The Group manages its financial risks in line with the classification of its financial assets and liabilities in the Group’s balance sheet and related notes.
The Group’s management of specific risks is dealt with as follows:
It is the policy of the Group to maximise financial flexibility and minimise refinancing risk by issuing debt with a range of maturities, generally matching the projected cash flows of the Group and obtaining this financing from a wide range of providers. The Group has a target average centrally managed debt maturity of at least 5 years with no more than 20 per cent of centrally managed debt maturing in a single rolling year. As at 31 December 2010, the average centrally managed debt maturity was 7.4 years (2009: 6.6 years) and the highest proportion of centrally managed debt maturing in a single rolling year was 12.5 per cent (2009: 18.4 per cent). It is Group policy that short-term sources of funds (including drawings under the £1 billion Euro commercial paper (ECP) programme) are backed by undrawn committed lines of credit and cash. The ECP programme was undrawn at 31 December 2010 (2009: £187 million outstanding).
In December 2010, the Group negotiated a new central banking facility of £2 billion with a final maturity date of December 2015. This facility is provided by 22 banks. The existing central banking facility of £1.75 billion, with a final maturity date of March 2012 was cancelled at the same time. The new facility was undrawn as at 31 December 2010.
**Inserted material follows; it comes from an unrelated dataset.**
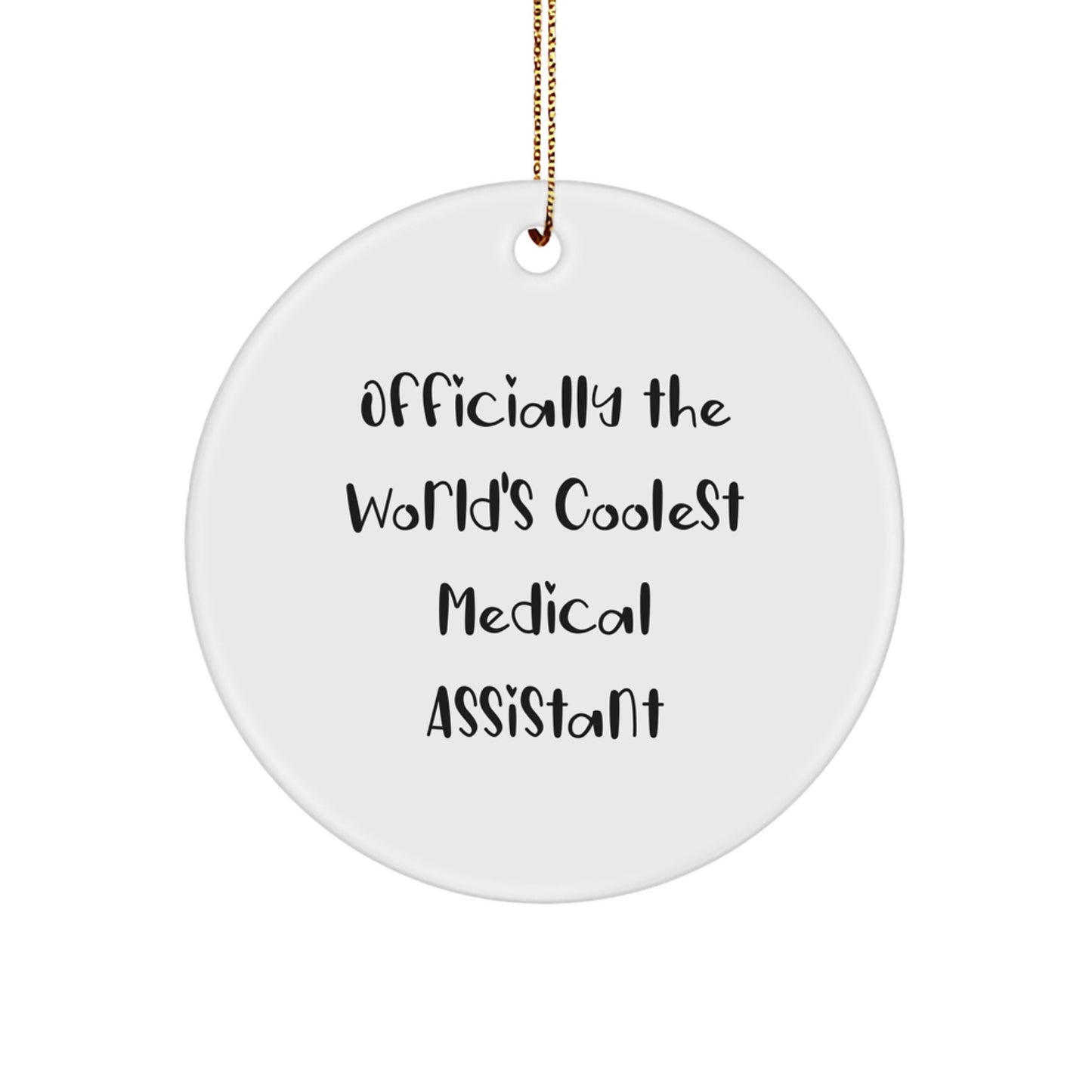 Medical Assistant Gifts from Friends, Officially The World's Coolest Medical Assistant Christmas Circle Ornament, Unique Gifts for Medical Assistants - Image 1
On 25 June 2010, the terms of €470 million of the €1 billion bond maturing in 2011 were modified by extending the maturity to 2020; at the same time, the Group issued an additional €130 million bond with a maturity of 2020. In addition, €413 million of the Group’s €750 million bond maturing in 2012 was purchased and cancelled. At the same time, the Group issued a new £275 million bond with a maturity of 2040.
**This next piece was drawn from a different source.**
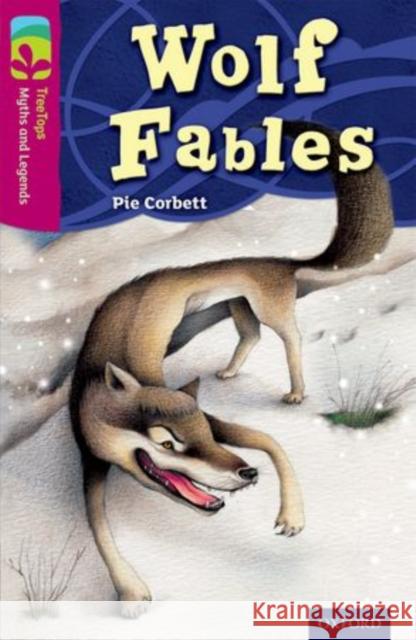 Oxford Reading Tree TreeTops Myths and Legends: Levels 10 and 11: Pack of 6 Pie Corbett Sally Prue Michaela Morgan 9780198446125 Oxford University Press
In May 2010, the Group repaid a €525 million bond. The repayment was financed from debt issued in November 2009.
In 2010, the Group’s subsidiary in Brazil received proceeds of £410 million (2009: £293 million) from short term borrowings in respect of advance payments on leaf export contracts and repaid £297 million (2009: £241 million) in the year.
In November 2009, the terms of €481 million of the €1 billion bond maturing in 2013 were modified by extending the maturity to 2021. At the same time, the Group issued an additional €169 million bond with a maturity of 2021. In addition, £199 million of the £350 million bond maturing in 2013 was purchased and cancelled; at the same time the Group issued a new £500 million bond with a maturity of 2034.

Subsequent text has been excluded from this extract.